Washington took great pleasure from watching the conflict between Hezbollah and the Syrian opposition. It also did nothing but watch the strife between Iran and Turkey. And when the Iranian-backed regime began to lose, it turned a blind eye even to the Russian entry into the conflict.
It watched all these countries and groups whittling away at each other's power. Obama meant it when he said in a statement that Russia would suffer great losses in Syria because it was exactly what he had in mind. His expectation was to create an inextricable deadlock.

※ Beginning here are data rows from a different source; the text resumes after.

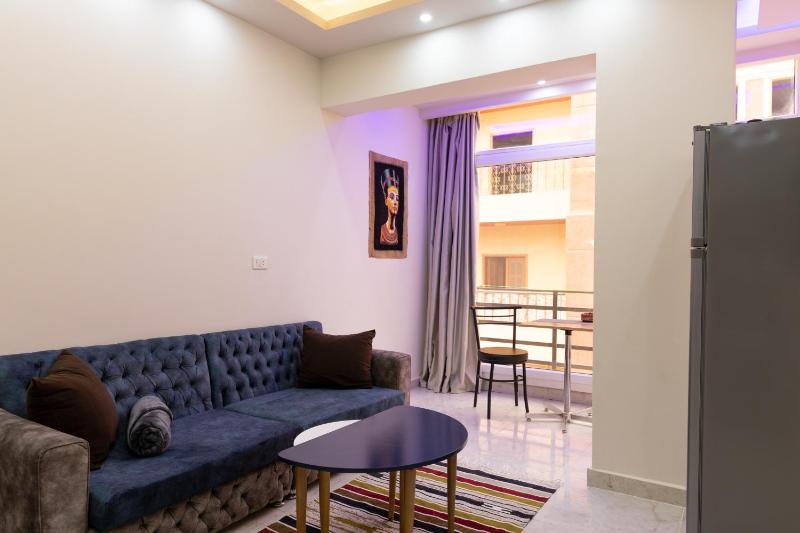 F&M Home Egypt - Apartment Hurghada - image 15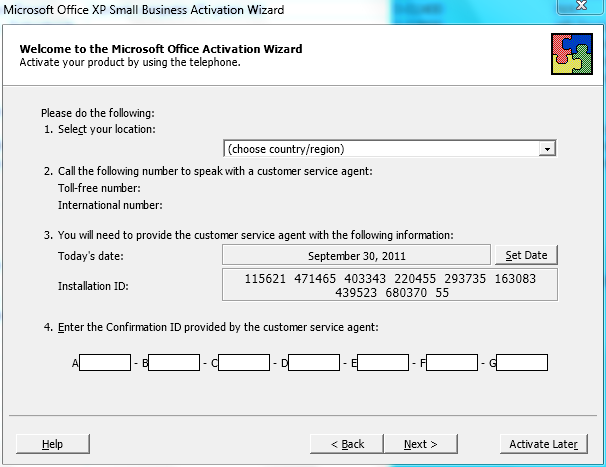 disable microsoft office xp activation rar disable microsoft office xp activation rar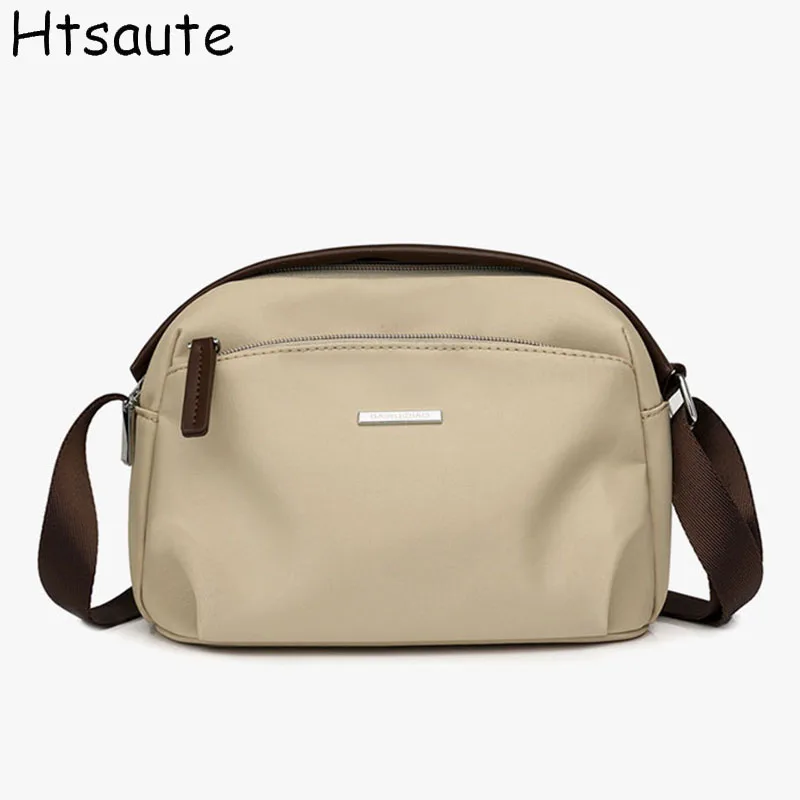 Fashion Mother's hobos small bag nylon messenger bag crossbody flap women Black women's bag traveling top-handle bolasa
Fashion Mother's hobos small bag nylon messenger bag crossbody flap women Black women's bag traveling top-handle bolasa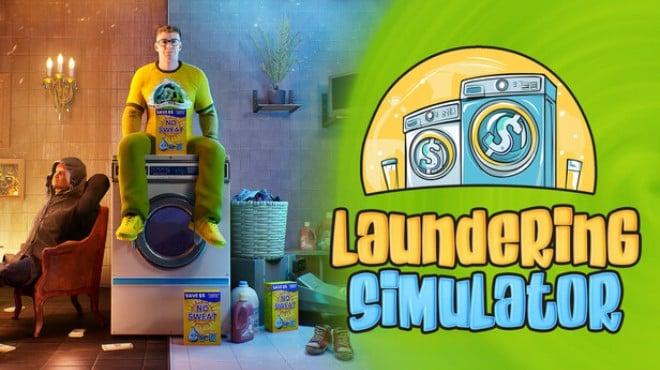 Laundering Simulator Clean Cash and Laundry Update v20251128-TENOKE Download Torrent [PC GAME]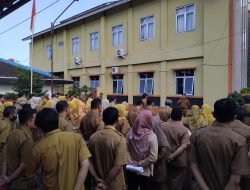 Lurah di Kota Sukabumi Kompak Dukung Program Bestari, Sosialisasi Kerja ke Luar Negeri Digencarkan hingga Tingkat RW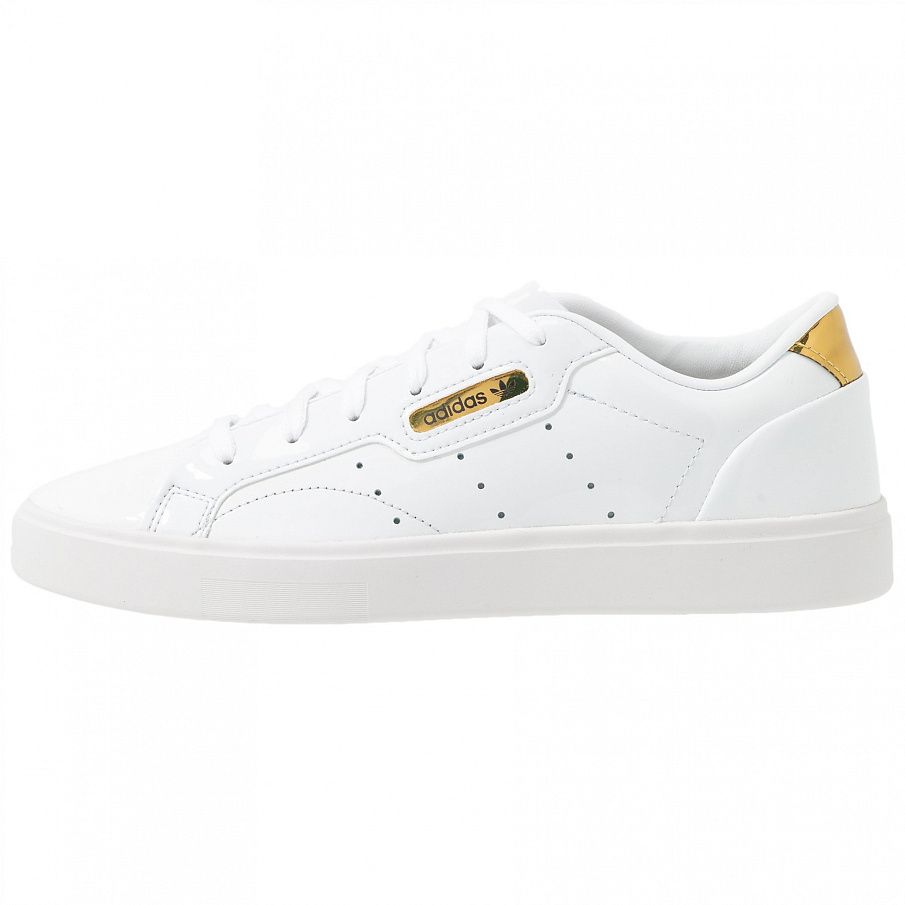 Фото № 2 с приближением к товару «‎Adidas Sleek »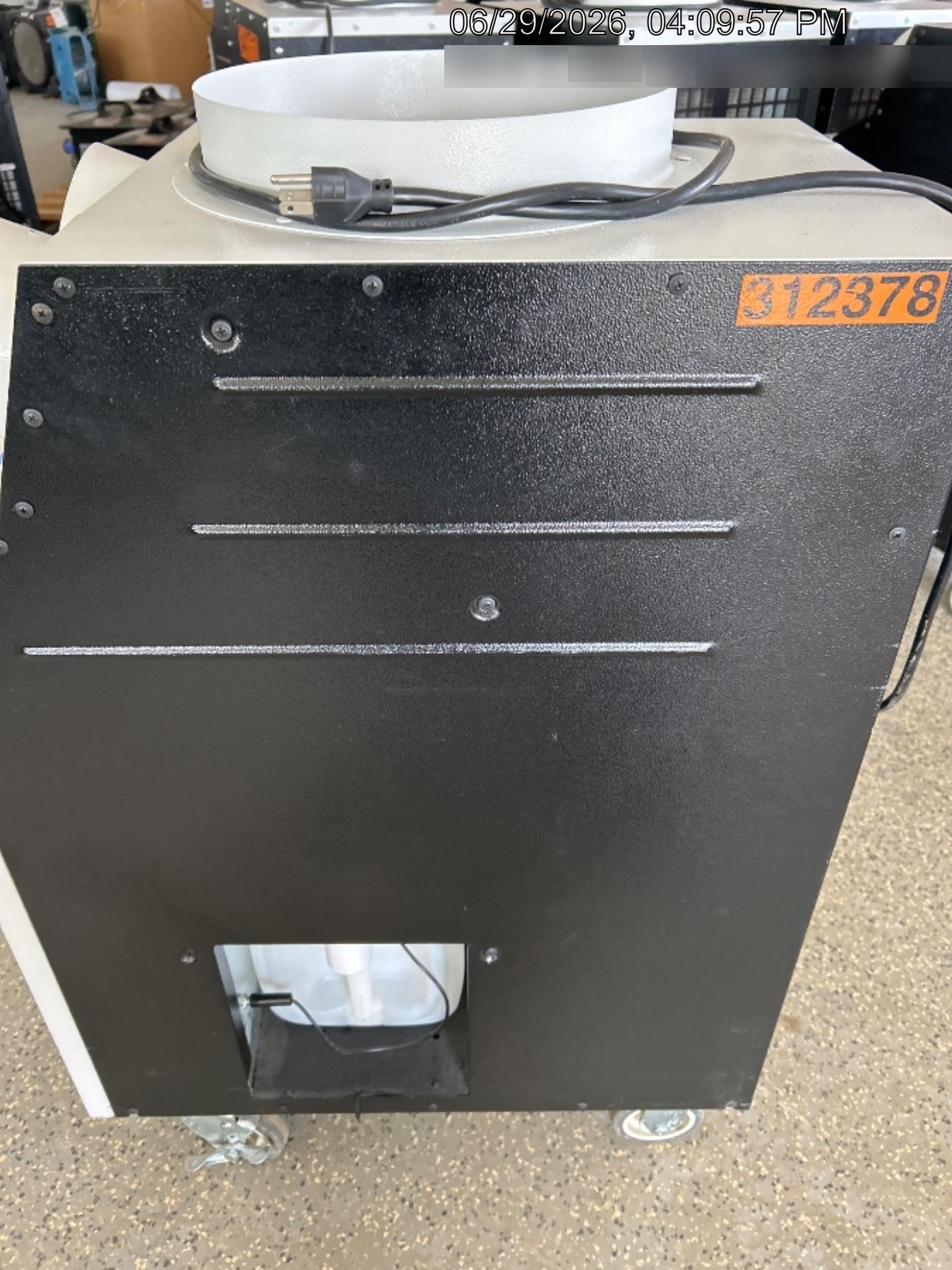 2023 KWIKOOL KPAC1411-2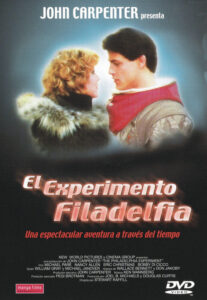 El experimento Filadelfia Online En Netflix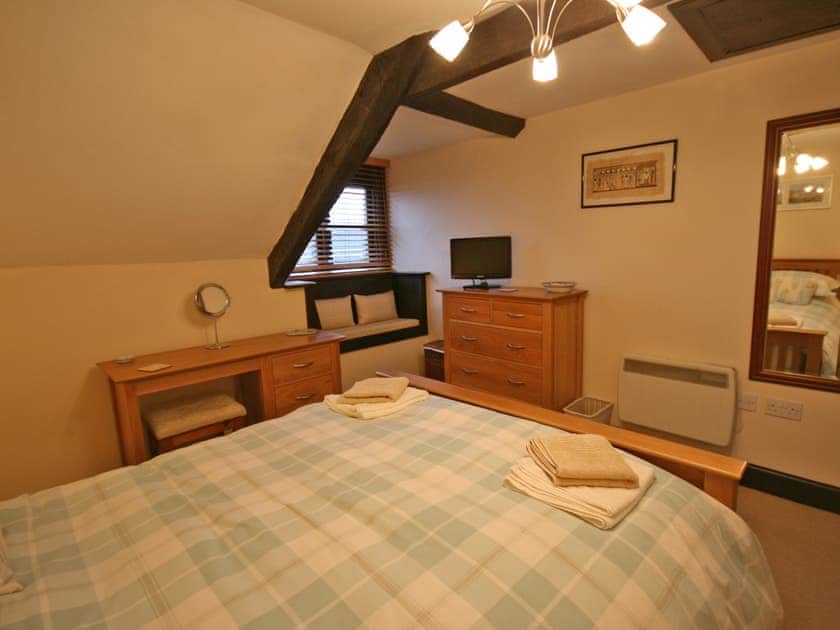 Millers Cottage, Seahouses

When Turkey put its foot down about not getting directly involved in the war, the U.S. and other Western countries threatened Turkey. They accused it of supporting Daesh for one. And when Turkey resisted all this, this time they blackmailed it with the Syrian Kurdish Democratic Party (PYD) -- an offshoot of the terrorist Kurdistan Workers' Party (PKK) -- which Turkey also defines as a terrorist group.
US went too far
The implicit message was, "If you do not fight in a way that serves our interests, we will pave the way for the PYD."
But the U.S. went too far with its pressure, leaving Turkey no space to step back. It forced the lever so much that it eventually broke. So Turkey drew itself a new route. It chose to compromise with Russia. Threats and blackmailing did not work. On the contrary, it directed Turkey towards choosing the lesser of two evils.
As far as we understand, Turkey launched its Operation Euphrates Shield as a result of a compromise it reached with Russia. According to this agreement, the Free Syrian Army (FSA) was to advance up to al-Bab town with the support of Turkey. The M-4 highway would be the border between the FSA and the regime.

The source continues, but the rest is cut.